▶

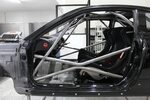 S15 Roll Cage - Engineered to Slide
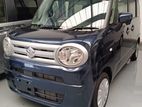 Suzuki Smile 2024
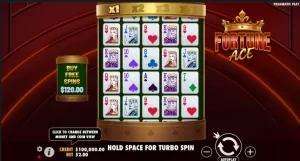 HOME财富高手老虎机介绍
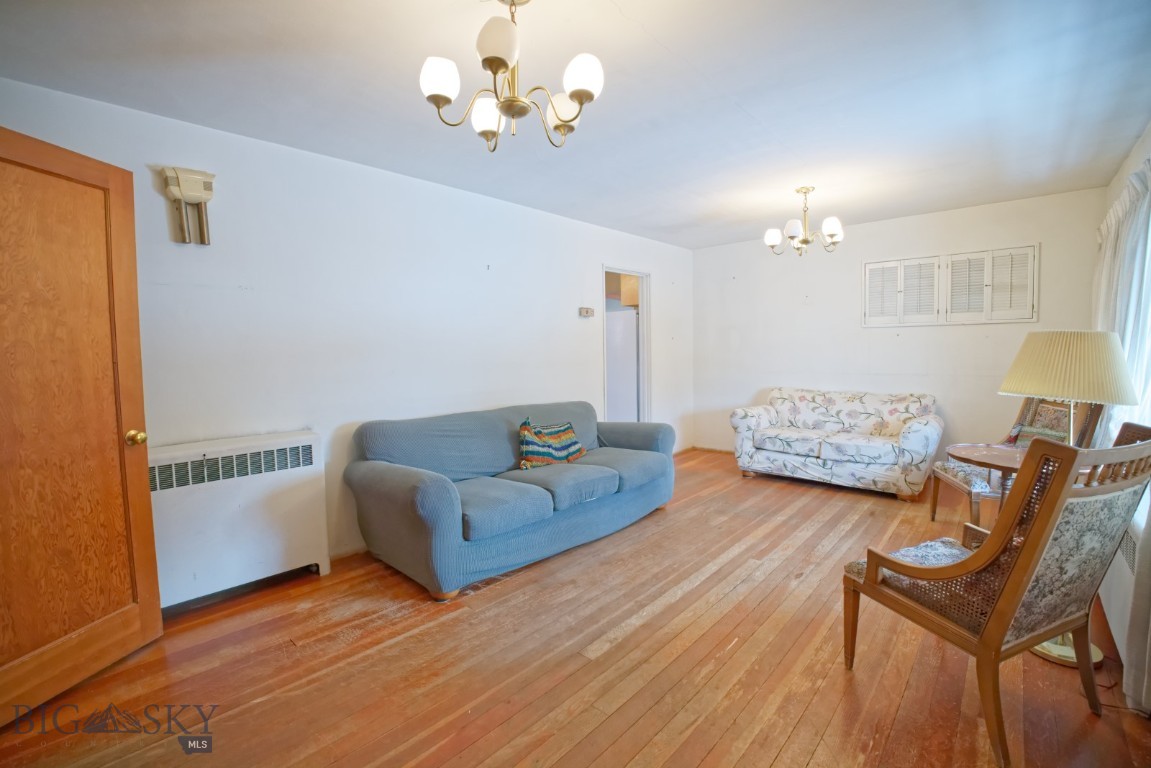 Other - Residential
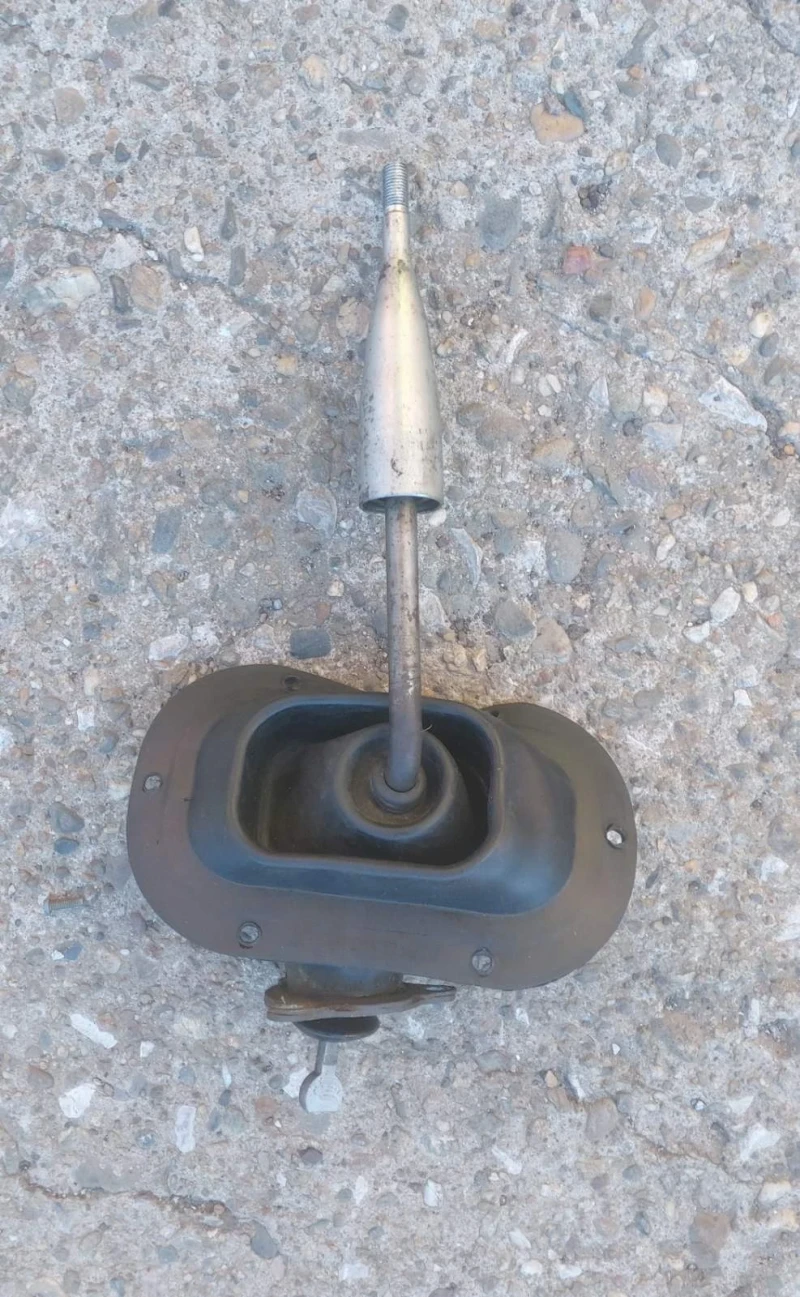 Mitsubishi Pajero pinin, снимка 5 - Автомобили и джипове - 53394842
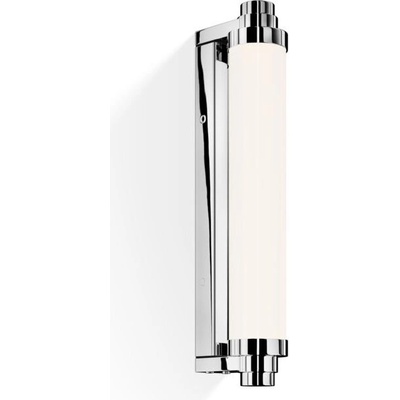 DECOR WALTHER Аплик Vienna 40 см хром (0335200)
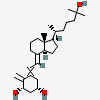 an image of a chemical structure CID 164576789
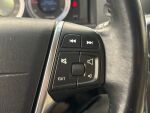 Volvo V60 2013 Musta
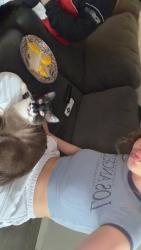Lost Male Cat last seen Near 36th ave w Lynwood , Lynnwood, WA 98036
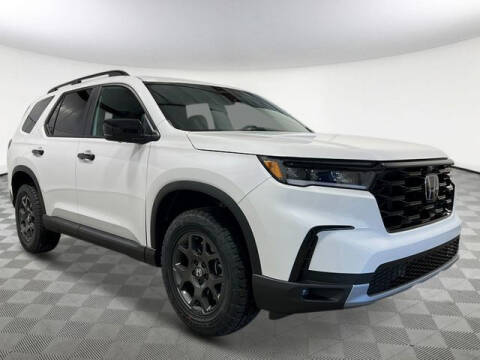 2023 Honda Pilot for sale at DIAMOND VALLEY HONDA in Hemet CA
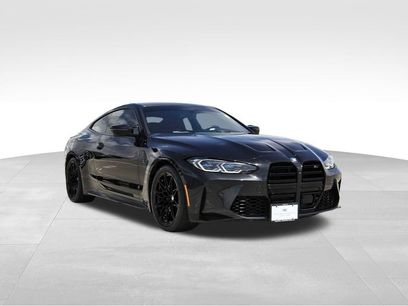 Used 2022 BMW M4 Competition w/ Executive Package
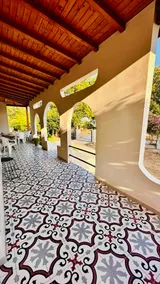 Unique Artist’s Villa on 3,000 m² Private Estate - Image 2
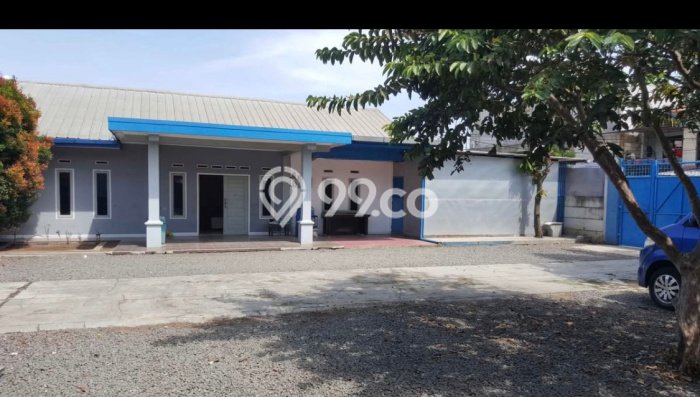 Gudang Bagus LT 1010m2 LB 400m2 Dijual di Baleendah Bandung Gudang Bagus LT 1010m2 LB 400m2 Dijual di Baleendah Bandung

◀

> [Directions for this task]:
Write out an exact copy of the listing, first line through the line containing "Lost Male Cat", with the pictures left out.

> [Answer for the task]:
 S15 Roll Cage - Engineered to Slide
 Suzuki Smile 2024
 HOME财富高手老虎机介绍
 Other - Residential
 Mitsubishi Pajero pinin, снимка 5 - Автомобили и джипове - 53394842
 DECOR WALTHER Аплик Vienna 40 см хром (0335200)
 an image of a chemical structure CID 164576789
 Volvo V60 2013 Musta
Lost Male Cat last seen Near 36th ave w Lynwood , Lynnwood, WA 98036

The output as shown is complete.